During the power vacuum that followed the assassination of Somalia's second president, Abdirashid Ali Shermarke, the military staged a coup d'état on 21 October 1969 (the day after Shermarke's funeral) and took over office. Major General Mohamed Siad Barre, who had succeeded Hersi as Chief of Army in 1965, was installed as President of the Supreme Revolutionary Council, the new junta of Somalia. The country was renamed the Somali Democratic Republic.

In 1972, the National Security Court, headed by Admiral Mohamed Gelle Yusuf, ordered the execution of Siad Barre's fellow coup instigators, Major General Mohamed Aynanshe Guleid (who had become the Vice President), Brigadier General Salaad Gabeyre Kediye and Lieutenant Colonel Abdulkadir Dheel Abdulle.

Kaplan wrote in 1976:
In mid-1976 the military command structure was simple and direct. Major General Mohammad Ali Samatar was not only commander of the National Army – and therefore commander of the organizationally subordinated navy and air force- but also secretary of state for defence and a vice president of SRC and thus a member of the major decision-making body of the government.
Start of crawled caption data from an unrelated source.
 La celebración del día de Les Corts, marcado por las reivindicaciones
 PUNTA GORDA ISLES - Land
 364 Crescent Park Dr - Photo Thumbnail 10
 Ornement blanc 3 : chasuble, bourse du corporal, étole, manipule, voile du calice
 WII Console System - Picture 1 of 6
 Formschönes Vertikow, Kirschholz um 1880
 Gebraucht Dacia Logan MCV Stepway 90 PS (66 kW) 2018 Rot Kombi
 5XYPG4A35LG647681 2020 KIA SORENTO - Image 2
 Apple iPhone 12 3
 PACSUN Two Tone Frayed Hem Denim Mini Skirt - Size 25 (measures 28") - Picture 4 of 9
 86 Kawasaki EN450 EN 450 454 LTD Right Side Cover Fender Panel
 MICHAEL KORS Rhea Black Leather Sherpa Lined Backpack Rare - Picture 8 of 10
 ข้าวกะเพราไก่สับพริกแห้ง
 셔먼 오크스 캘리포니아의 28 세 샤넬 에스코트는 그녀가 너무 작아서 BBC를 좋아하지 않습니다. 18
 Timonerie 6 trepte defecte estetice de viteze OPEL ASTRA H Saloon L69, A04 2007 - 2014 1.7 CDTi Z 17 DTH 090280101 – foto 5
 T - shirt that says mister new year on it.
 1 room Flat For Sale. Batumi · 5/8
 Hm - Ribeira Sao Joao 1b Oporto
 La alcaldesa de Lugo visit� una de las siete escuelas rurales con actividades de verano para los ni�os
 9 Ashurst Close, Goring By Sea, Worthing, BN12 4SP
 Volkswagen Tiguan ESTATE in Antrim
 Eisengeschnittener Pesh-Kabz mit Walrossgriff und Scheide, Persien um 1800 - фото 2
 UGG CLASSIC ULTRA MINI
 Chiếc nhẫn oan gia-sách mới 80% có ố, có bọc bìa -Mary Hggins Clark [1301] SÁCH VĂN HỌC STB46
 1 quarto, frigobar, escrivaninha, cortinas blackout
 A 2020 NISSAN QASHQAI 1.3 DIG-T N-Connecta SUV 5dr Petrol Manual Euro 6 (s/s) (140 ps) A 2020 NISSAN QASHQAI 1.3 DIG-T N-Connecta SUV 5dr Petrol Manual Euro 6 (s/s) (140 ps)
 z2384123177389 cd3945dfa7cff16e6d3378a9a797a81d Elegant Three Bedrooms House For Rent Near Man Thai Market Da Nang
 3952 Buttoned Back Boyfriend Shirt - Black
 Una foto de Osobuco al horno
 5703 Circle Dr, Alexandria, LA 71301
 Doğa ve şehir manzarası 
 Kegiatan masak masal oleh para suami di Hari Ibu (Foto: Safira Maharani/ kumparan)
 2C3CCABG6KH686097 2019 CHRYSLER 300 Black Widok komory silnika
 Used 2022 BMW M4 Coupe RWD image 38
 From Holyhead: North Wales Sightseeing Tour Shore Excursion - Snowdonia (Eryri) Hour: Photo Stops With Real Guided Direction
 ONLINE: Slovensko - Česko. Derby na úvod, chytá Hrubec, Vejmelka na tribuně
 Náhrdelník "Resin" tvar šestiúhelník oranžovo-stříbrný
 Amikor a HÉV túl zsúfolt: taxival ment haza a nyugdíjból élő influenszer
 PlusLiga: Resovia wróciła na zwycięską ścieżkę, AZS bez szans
Holding the two highest.. posts, he stood alone in the command structure between the army and President Siad, the head of state. When in July 1976 the SRC relinquished its power to the newly appointed SSRP, Samantar retained the portfolio of the Ministry of Defense. The country's real power appeared to be in the SSRP's Politburo, of which Samantar became a vice president. Before the military coup, command channels ran directly from the commander of the National Army to army sector commanders who exercised authority over military forces.. in the field, and by 1986 combat units had been reorganized along Soviet lines. There is no indication that either the chain of command to lower echelons or the organisation of combat units has changed significantly since the coup.

In July 1976, the International Institute for Strategic Studies estimated the army consisted of 22,000 personnel, 6 tank battalions, 9 mechanised infantry battalions, 5 infantry battalions, 2 commando battalions, and 11 artillery battalions (5 anti-aircraft). Two hundred T-34 and 50 T-54/55 main battle tanks had been estimated to have been delivered. The IISS emphasised that 'spares are short and not all equipment is serviceable.' The U.S. Army Area Handbook for Somalia, 1977 edition, agreed that the army comprised six tank and nine mechanised infantry battalions, but listed no infantry battalions, the two commando battalions, five field artillery, and five anti-aircraft battalions.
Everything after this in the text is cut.